Government reactions
Winnipeg mayor Scott Gillingham stated "condolences are not strong enough" and that the women were "members of our community ... someone's daughter, someone's sister, someone's mother, someone's friend" in a press conference that there was much more work to be done in protecting Indigenous women and girls, highlighting the vulnerability caused by homelessness, addiction, and poverty.

Members of Parliament Leah Gazan (Winnipeg Centre) and Niki Ashton (Churchill—Keewatinook Aski) proposed an emergency debate in the House of Commons of Canada on the issue of MMIWG2S+ and called for further resources to support vulnerable women following the revelation Skibicki had allegedly killed multiple Indigenous women. The request for a debate was not granted. Gazan stated: "While the government stalls in providing resources, Indigenous women and girls and two-spirit continue to be murdered." Gazan pressed the Minister of Crown–Indigenous Relations Marc Miller on the decision by the Winnipeg police not to search the Brady Road landfill for the bodies of the three missing Indigenous women, of which Miller remarked that he found the decision "very puzzling". Miller stated his intention to meet with Harris's family, while Gazan met with the families of Harris and Wilson, along with other Indigenous leaders, in a press conference.

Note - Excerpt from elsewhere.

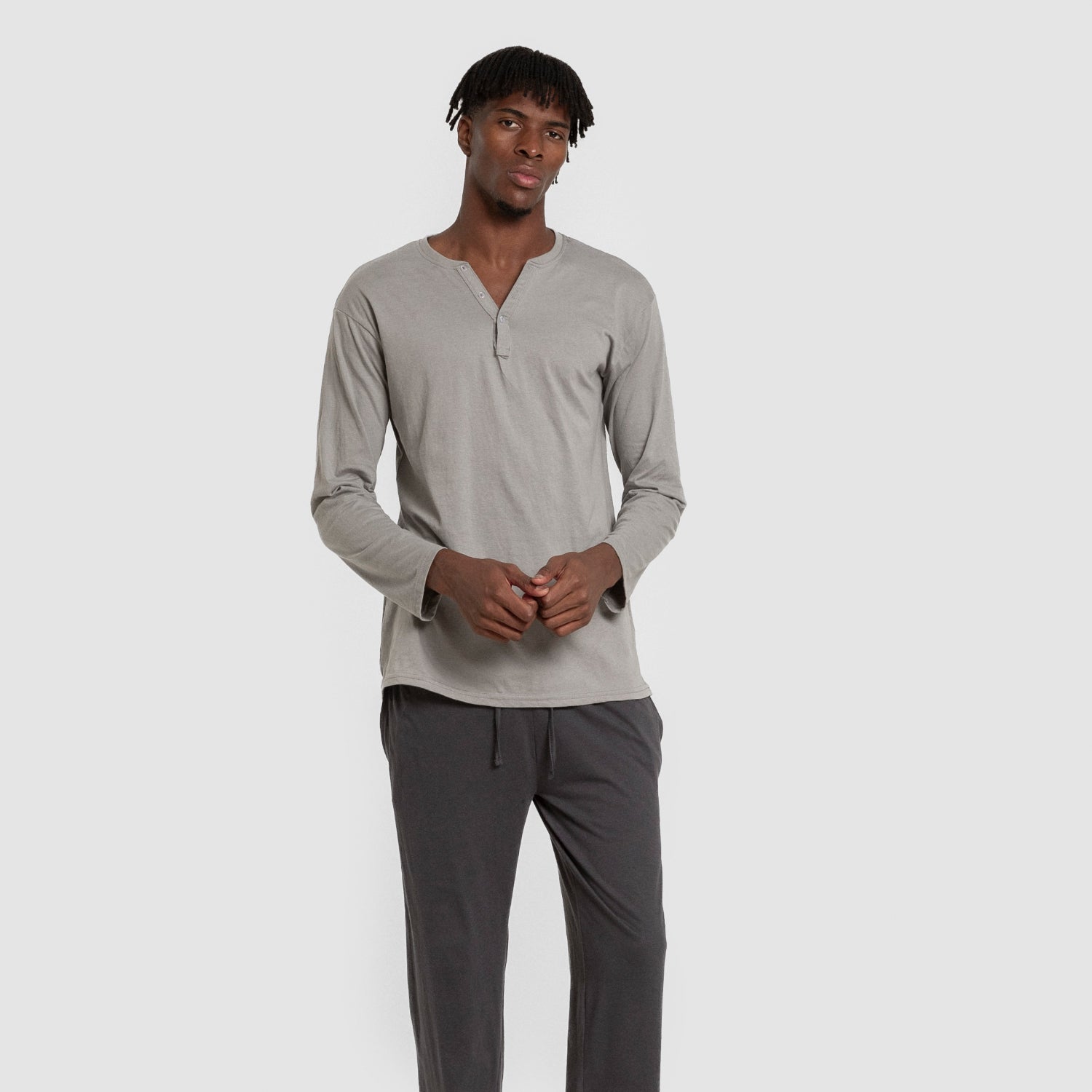 Pijama largo hombre con botones gris verdoso - marino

MLA for Point Douglas Bernadette Smith, whose sister went missing in 2008, supported the decision to refer to one of the victims as "Buffalo Woman". Smith attended a vigil for missing and murdered Indigenous women held following the announcement of further victims. Shadow Justice Minister Nahanni Fontaine expressed on her twitter that community members were feeling "rage, despair, disgust and unspeakable sadness" following the arrest of Skibicki, who she described as a "monster". Fontaine asked "When will the protection of Indigenous women, girls and two-spirited be taken seriously? Winnipeg now has the distinction of having two separate serial killers of Indigenous women. Are we waiting for a third or fourth to rear their murderous heads?"

Indigenous leaders
Grand Chief Jerry Daniels of the Southern Chiefs' Organization, which represents two of the reserves that the victims were from, stated: “We will be keeping you in our thoughts and prayers as you grapple with the news that your loved ones have been taken from us in such a violent way.”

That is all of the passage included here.